In totaal zijn er twee sets ROBIN Lite ontwikkeld. Eén set staat standaard op het dak van het TNO laboratorium in Den Haag. De tweede set is beschikbaar voor testdoeleinden in het veld.
2.3
ROBIN Lite horizontale radar Voor de horizontale radar kan in principe iedere willekeurige maritieme (scheeps) radar in de frequentie gebieden X-band en S-Band worden toegepast. Aan de radar hardware zelf waren beperkte wijzigingen noodzakelijk. In verband met de kwaliteit van de antenna en de nauwkeurigheid van de antenna patronen is gekozen voor radars van het merk Furuno. In eerste instantie is gekozen voor een X-Band Furuno radar. Deze is beter dan een S-Band radar in staat om kleinere vogels (zangvogels) te detecteren. Aan de andere kant is deze gevoeliger voor weersinvloeden als regen en sneeuw en heeft deze een iets geringer bereik. Belangrijker is echter de elektronica benodigd om de radarsignalen te kunnen opnemen en te verwerken tot vogelinformatie. Aangezien de radarreflectie van vogels vaak nauwelijks hoger is dan de systeemruis van de radar zijn de eisen die te stellen zijn aan de data-acquisitie dusdanig dat deze elektronica niet als Commercial of the Shelf (COTS) hardware op de markt te verkrijgen is. Daarom is op ontwerp van TNO de data-acquisitie elektronica ontwikkeld door Chess embedded Technology BV uit Haarlem, een gespecialiseerd elektronica ontwikkel bedrijf. De elektronica is dusdanig generiek ontwikkeld dat ook andere radars dan die van Furuno gekoppeld kunnen worden aan ROBIN Lite.
12 / 23
Figuur 2:ROBIN Lite horizontale radar in testopstelling bij windmolenpark bij Dresden
2.4
ROBIN Lite verticale radar Door de wens van gebruikers om hoogte te kunnen bepalen en daarbij soortherkenning mogelijk te maken was de inzet van een gekantelde (horizontale) scheepsradar niet mogelijk. Een scheepsradar zendt een relatief hoog vermogen (maximaal 25kW) uit in pulsen. Voor soortherkenning van vogels is het noodzakelijk om de vogel continu te ‘belichten’. De radar mag daarbij dus niet snel roteren en moet de vogel blijven ‘tracken’. Bij een scheepsradar is dit echter uit veiligheidsoogpunt verboden.
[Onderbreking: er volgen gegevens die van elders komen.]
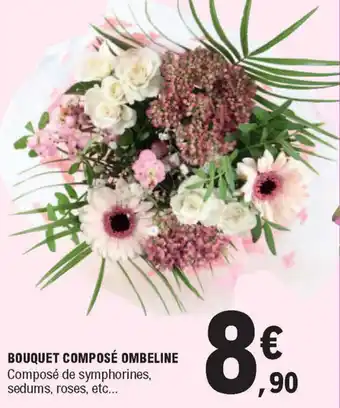 Bouquet composé Ombeline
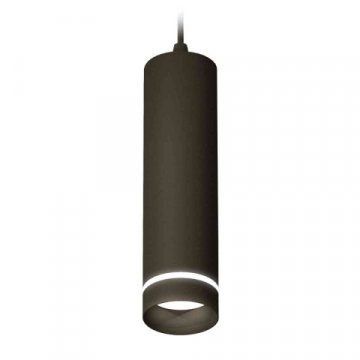 Комплект подвесного светильника Ambrella light Techno Spot XP6356002 SBK/FR черный песок/белый матовый (A2302,C6356,N6229)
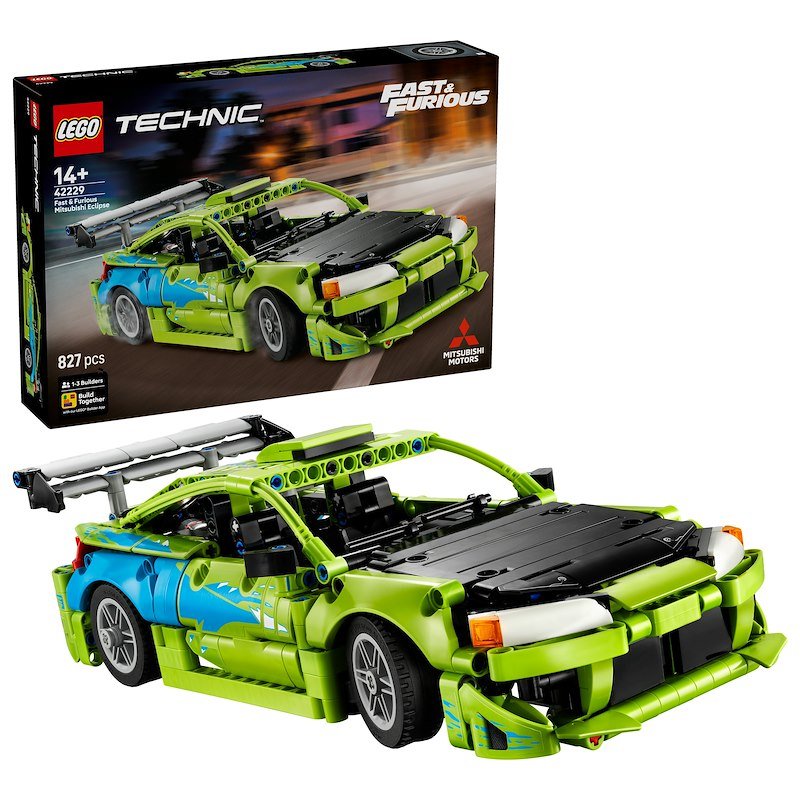 Lego® Technic Auto Mitsubishi Eclipse Fast and Furious 42229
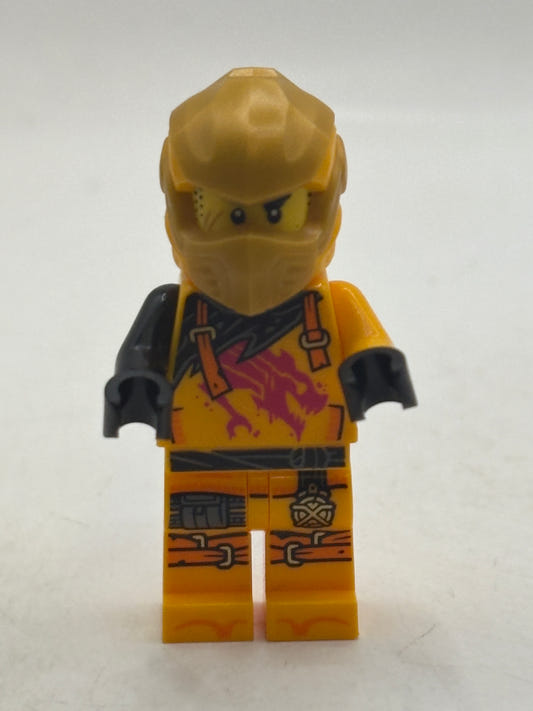LEGO Ninjago Dragons Rising Arin Yellow Ninja Minifigure 71810 njo822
Als dit type radar stopt met roteren wordt dan ook automatisch het versturen van de radarpulsen gestopt. Een radartechnologie die wel het continu aanstralen van vogels op één locatie mogelijk maakt is de Frequency Modulated Continuous Wave (FMCW) technologie. Hierbij worden niet radarpulsen uitgezonden, maar wordt er continu uitgezonden. Als gevolg hiervan is het niet meer mogelijk om één antenna zowel als zend en ontvangst antenna te laten functioneren. Er is dus altijd sprake van een zendantenne en een ontvangstantenne, zoals uit onderstaande afbeeldingen blijkt. Naast de wijze van zenden is ook de wijze van signaal generatie anders bij een FMCW radar. De FMCW radar is een zgn. solid state radar. Een solid state radar is intrinsiek minder onderhoudsgevoelig dan een standaard pulse radar (dat gebruik maakt van een meer conventionele magnetron i.p.v. de integrated circuits in een solid state radar) Tijdens de metingen is gebleken dat vogels gedetecteerd werden tot ongeveer 3km. Initieel is gebruik gemaakt van een zendvermogen van 25mW voor de FMCW radar. Dit vermogen is opgevoerd tot ongeveer 500mW waarmee de gevoeligheid van deze radar is verbeterd.
13 / 23
Figuur 3. ROBIN Lite verticale radar
2.5
ROBIN Lite performance Het vaststellen van de exacte prestaties, waaronder het bepalen van het horizontale en verticale bereik, van een system als ROBIN is lastig. De uiteindelijke bereikte prestaties met het systeem zijn afhankelijk van vele en complexe factoren, De maximale detectie afstand bijvoorbeeld is, naast het vermogen, afhankelijk van positie van de radar, ground clutter, type en omvang van de vogels, positie van de vogel in de radarbundel, weersomstandigheden, ect. Onderstaande tabel geeft het bereik weer van ROBIN in min of meer optimale omstandigheden: droog weer, vrij zicht en geen bijzondere propagatie omstandigheden. Maximale detectie afstand is hierbij gedefinieerd als de afstand waarop een die haaks op de radar bundel vliegt nog betrouwbaar gedetecteerd kan worden.
Maximum range (m)
Pulse X-Band
Pulse S-Band
FMCW
Klein (spreeuw) Middel (duif) Groot (gans)
800 2500 4500
1000 3500 7000
500 1500 2500
De maximale hoogte tot waarop vogels gedetecteerd kunnen worden met een horizontaal radar is een functie van horizontaal bereik en kanteling van de radar (het ROBIN systeem kent twee standen: een hoek van 10 en een hoek van 20 graden). Om uiteindelijk de actuele hoogte te bepalen is een verticaal opgestelde radar nodig.
2.6
ROBIN Lite registratie Het ROBIN Lite systeem kent een aantal mogelijkheden voor het registeren van vliegpaden. Naast de standaard tracking in 2D met de horizontale radar is in combinatie met de FMWC radar het mogelijk om vogels in 3D te volgen. In de zogenaamde “staring mode”, waarbij de FMCW radar stil staat en in een vaste richting straalt, levert de FMCW radar hoogte en vleugelslag informatie
14 / 23
van vogels door de bundel vliegen. In de zogenaamde “scanning mode”, waarbij het radar een opgegeven gebied scant, wordt hoogte informatie verzameld van vogels in de gescande sector. In de zogenaamde “tracking mode”, eigenlijk een voortdurend bijgestuurde combinatie van staring en scanning modes, wordt het FMCW radar door de horizontale radar (of door een gebruiker) naar een specifieke vogeltrack gestuurd om daarvan zowel hoogte als vleugelslag frequenties te bepalen.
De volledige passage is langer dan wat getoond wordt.